GOAL OF THE EXERCISE — Write out nothing but the lines from the one containing "Patrula Cățelușilor Ruff" through the last line below, both included, and without the pictures.

Brief descriptive captions —
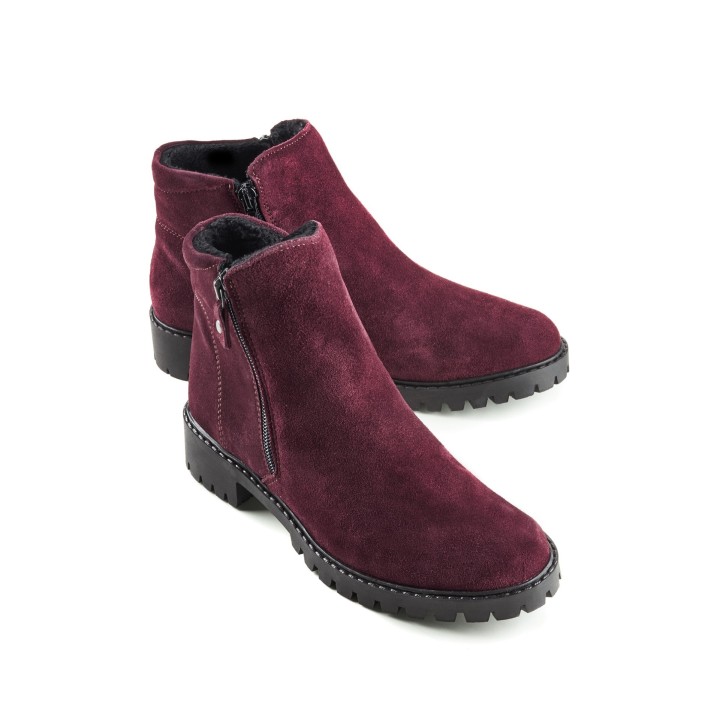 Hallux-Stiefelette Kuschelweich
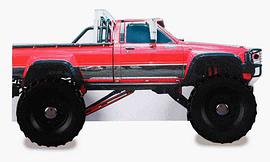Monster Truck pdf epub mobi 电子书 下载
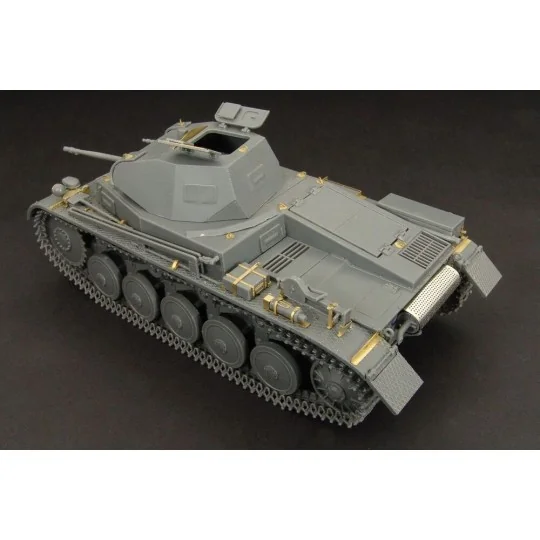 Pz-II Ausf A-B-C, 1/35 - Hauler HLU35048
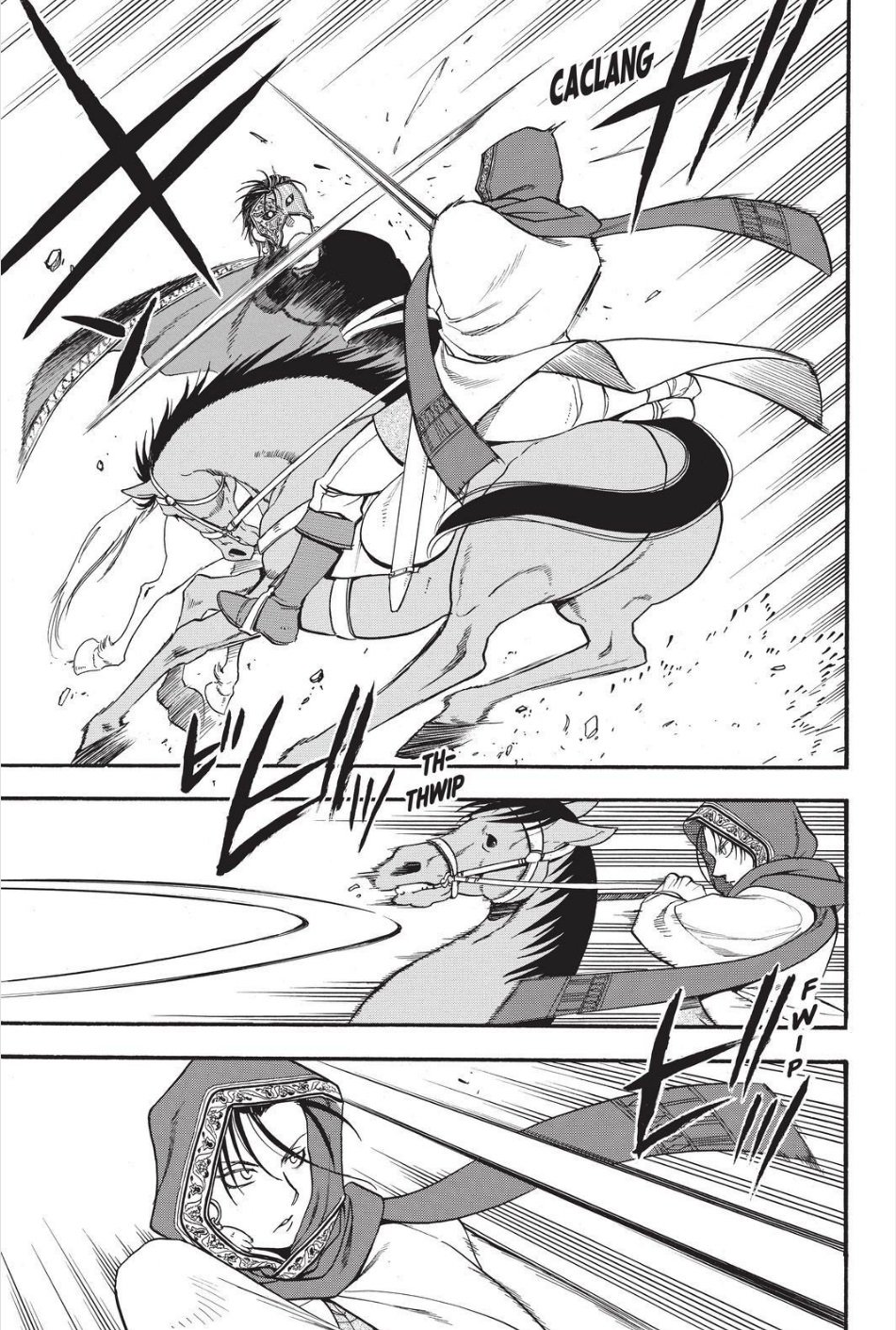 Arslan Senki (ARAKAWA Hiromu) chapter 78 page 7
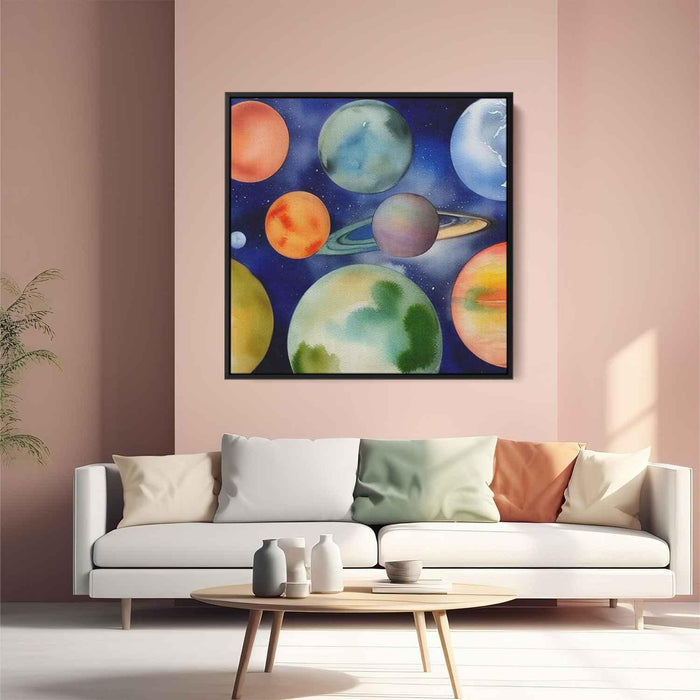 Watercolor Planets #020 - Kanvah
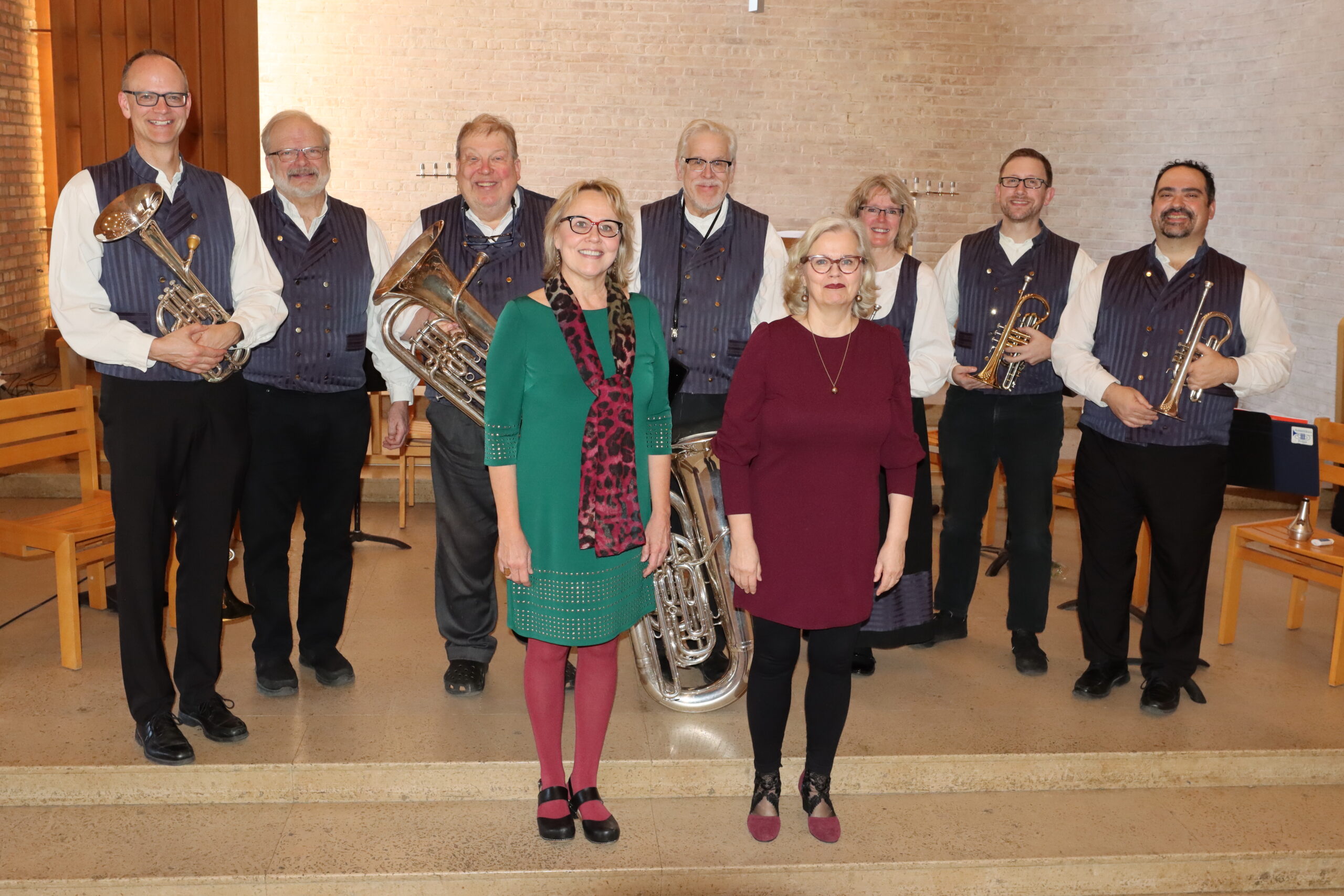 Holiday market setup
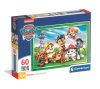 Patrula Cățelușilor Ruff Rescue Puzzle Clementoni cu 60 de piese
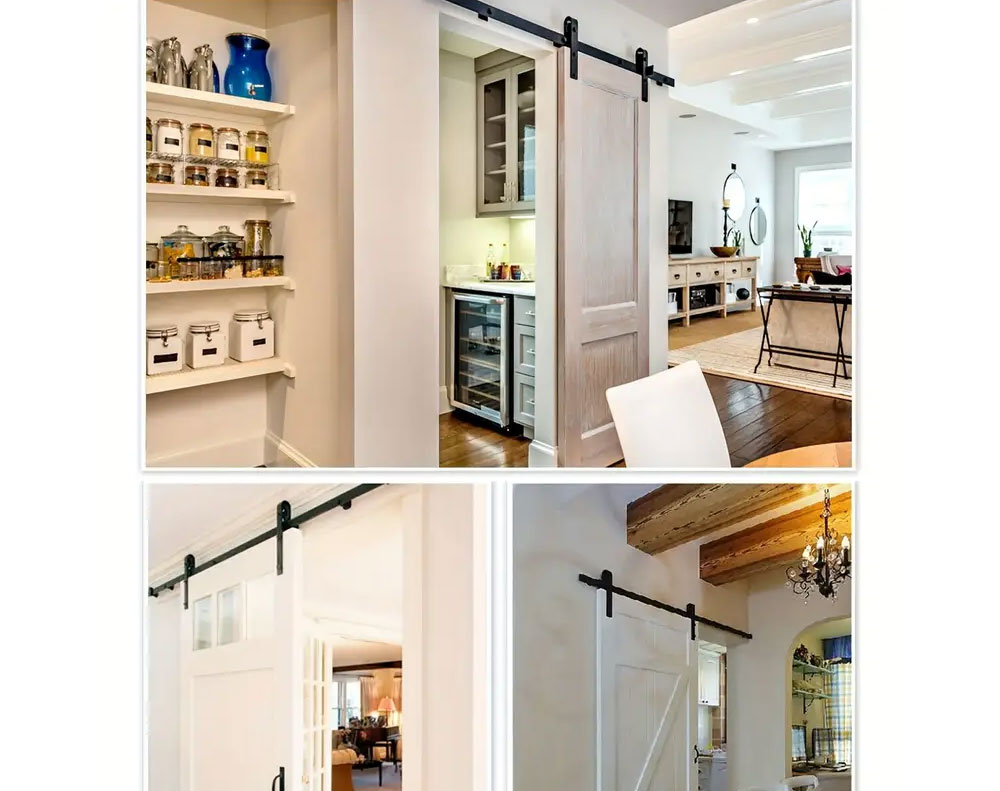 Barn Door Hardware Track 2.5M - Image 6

ANSWER SPACE —
 Patrula Cățelușilor Ruff Rescue Puzzle Clementoni cu 60 de piese
 Barn Door Hardware Track 2.5M - Image 6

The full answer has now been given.